Perhaps that is okay. We can check with Juliana if there is some specific reason we don't want to include older blogs.

Lee-W commented 10 months ago

One thing to think about here... The current code uses source-specific extract. The extract function is specific to astro blogs. Alternatively the code at https://github.com/mpgreg/ask-astro/blob/main/airflow/dags/ingestion/ask-astro-load-html.py has one extract function which scrapes any webpage given some parameters. I think it will generalize pretty well but have not really tested. The main problem for astro blogs is there is no generalizable way to specify a cutoff date.

Perhaps that is okay. We can check with Juliana if there is some specific reason we don't want to include older blogs.

I guess the reason behind it might be the same as what we did on StackOverflow? But I'm ok with it as well. I'll hold the work on this PR. Till we have a decision

sunank200 commented 10 months ago

One thing to think about here... The current code uses source-specific extract.

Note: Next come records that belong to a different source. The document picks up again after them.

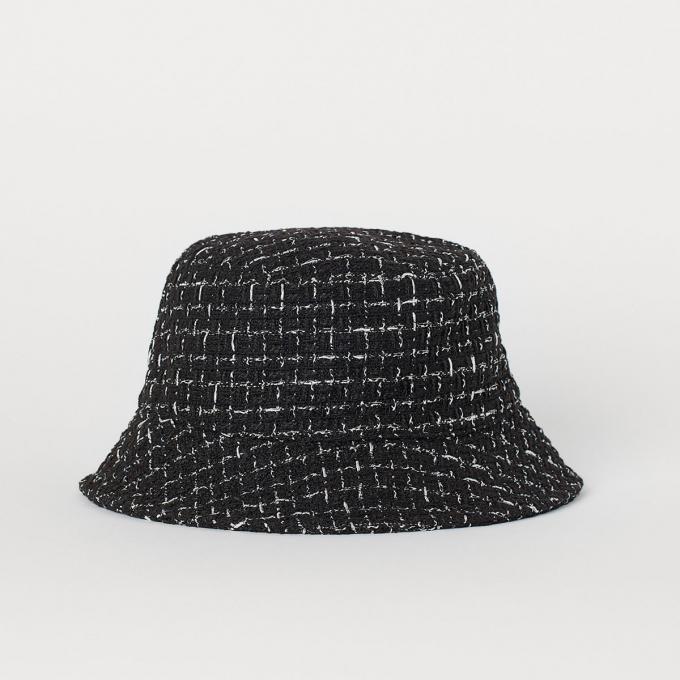 Een bucket hat, but make it Chanel.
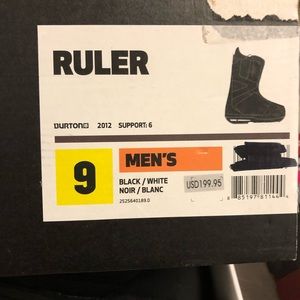 Men’s snowboarding boots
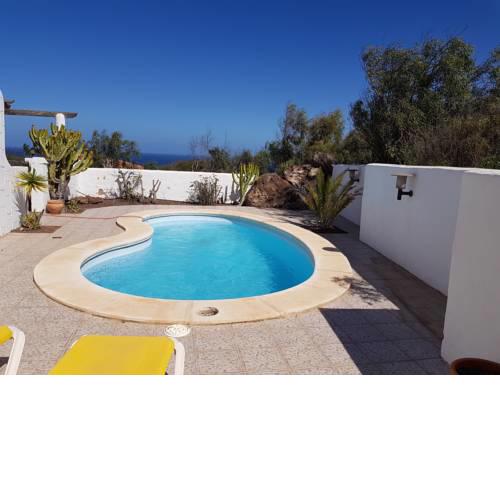 Villa with sea view and pool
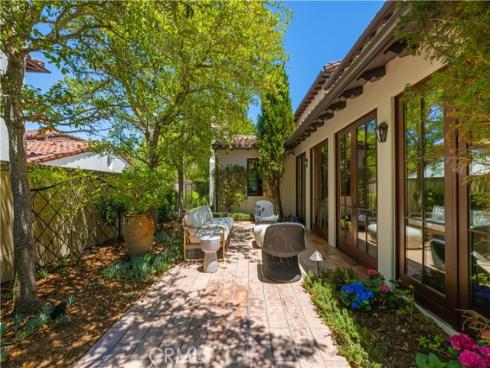 27  Vernal  , Irvine, CA
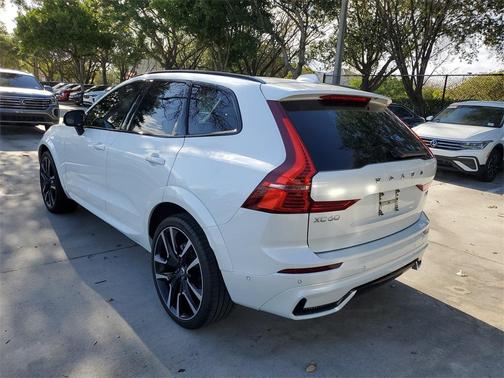 2024 Volvo XC60 B5 Ultimate Dark Theme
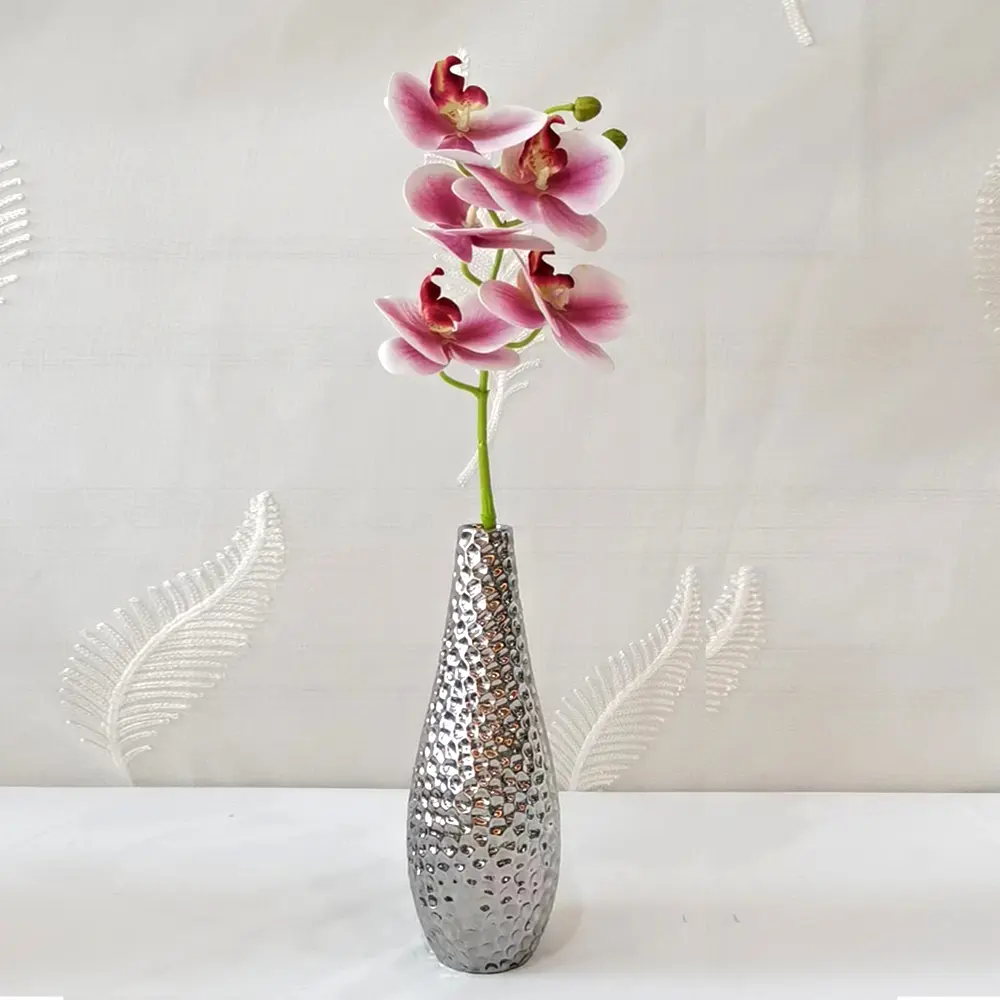 Cheap Luxury Titanium-Plated Hammered Ceramic Vase Supplier, Company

The extract function is specific to astro blogs. Alternatively the code at https://github.com/mpgreg/ask-astro/blob/main/airflow/dags/ingestion/ask-astro-load-html.py has one extract function which scrapes any webpage given some parameters. I think it will generalize pretty well but have not really tested. The main problem for astro blogs is there is no generalizable way to specify a cutoff date. Perhaps that is okay. We can check with Juliana if there is some specific reason we don't want to include older blogs.

I guess the reason behind it might be the same as what we did on StackOverflow? But I'm ok with it as well. I'll hold the work on this PR. Till we have a decision

@Lee-W can you setup a call for this please and lets have a decision on this? After that this change should be tested with fresh ingestion on dev database.

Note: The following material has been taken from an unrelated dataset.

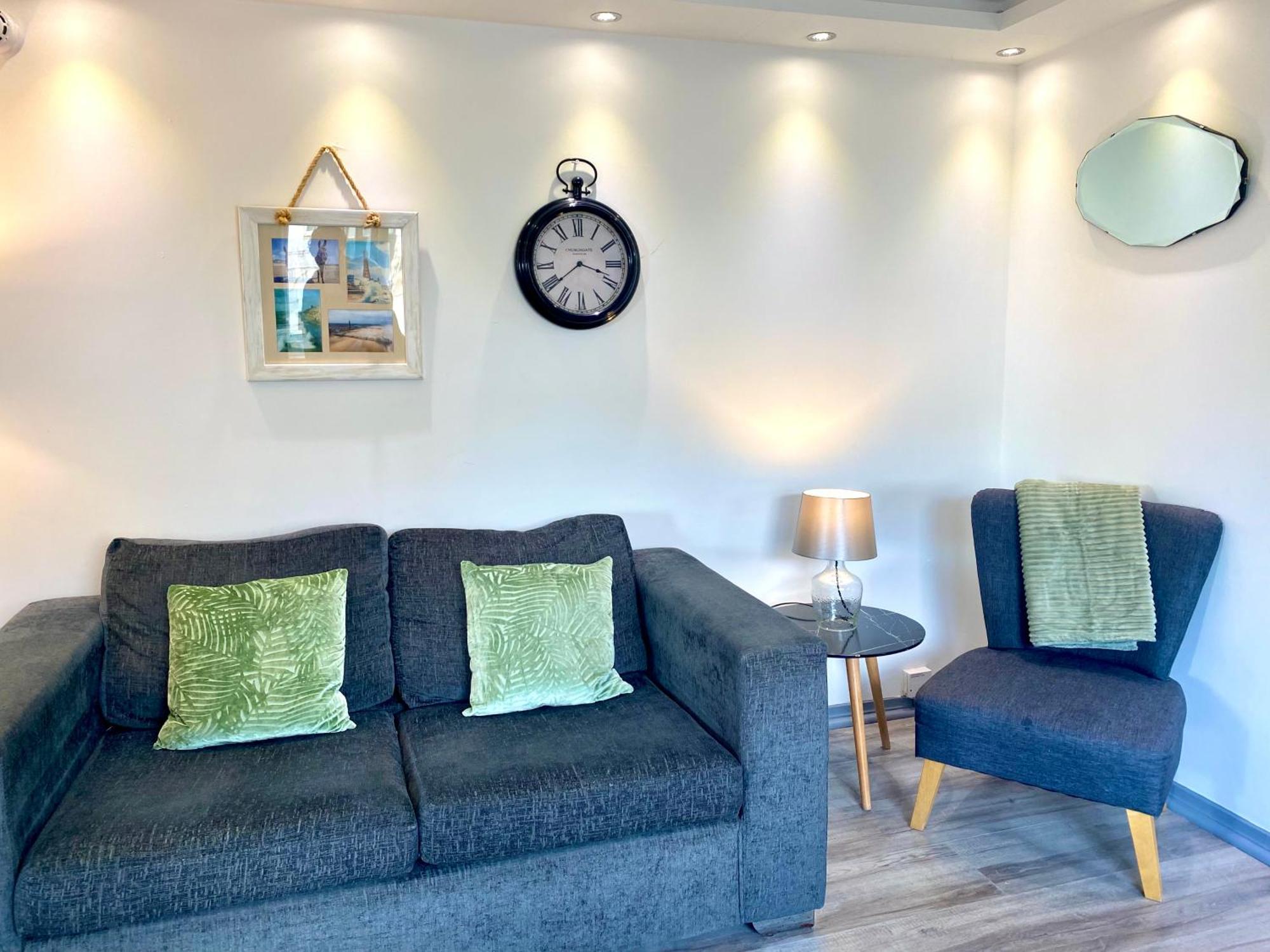 Kennedy House By Blackpool Service Apartments エクステリア 写真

Lee-W commented 10 months ago

One thing to think about here... The current code uses source-specific extract. The extract function is specific to astro blogs. Alternatively the code at https://github.com/mpgreg/ask-astro/blob/main/airflow/dags/ingestion/ask-astro-load-html.py has one extract function which scrapes any webpage given some parameters. I think it will generalize pretty well but have not really tested. The main problem for astro blogs is there is no generalizable way to specify a cutoff date. Perhaps that is okay. We can check with Juliana if there is some specific reason we don't want to include older blogs.

I guess the reason behind it might be the same as what we did on StackOverflow? But I'm ok with it as well. I'll hold the work on this PR. Till we have a decision

@Lee-W can you setup a call for this please and lets have a decision on this? After that this change should be tested with fresh ingestion on dev database.

I just sent a message to the channel for discussion. But IMHO, this might not even be directly part of the PR.

Lee-W commented 10 months ago

as discussed earlier, we still need this cutoff date. will proceeded testing on this one

Lee-W commented 10 months ago

I changed the host and pointed to the dev WEAVIATE. @vatsrahul1001 Could you please help with the testing? Thanks!

Lee-W commented 10 months ago

@vatsrahul1001 We no longer need to test it on cloud. Thanks!

@sunank200 I've tested it and send you the result. Could you please take a look? Thanks!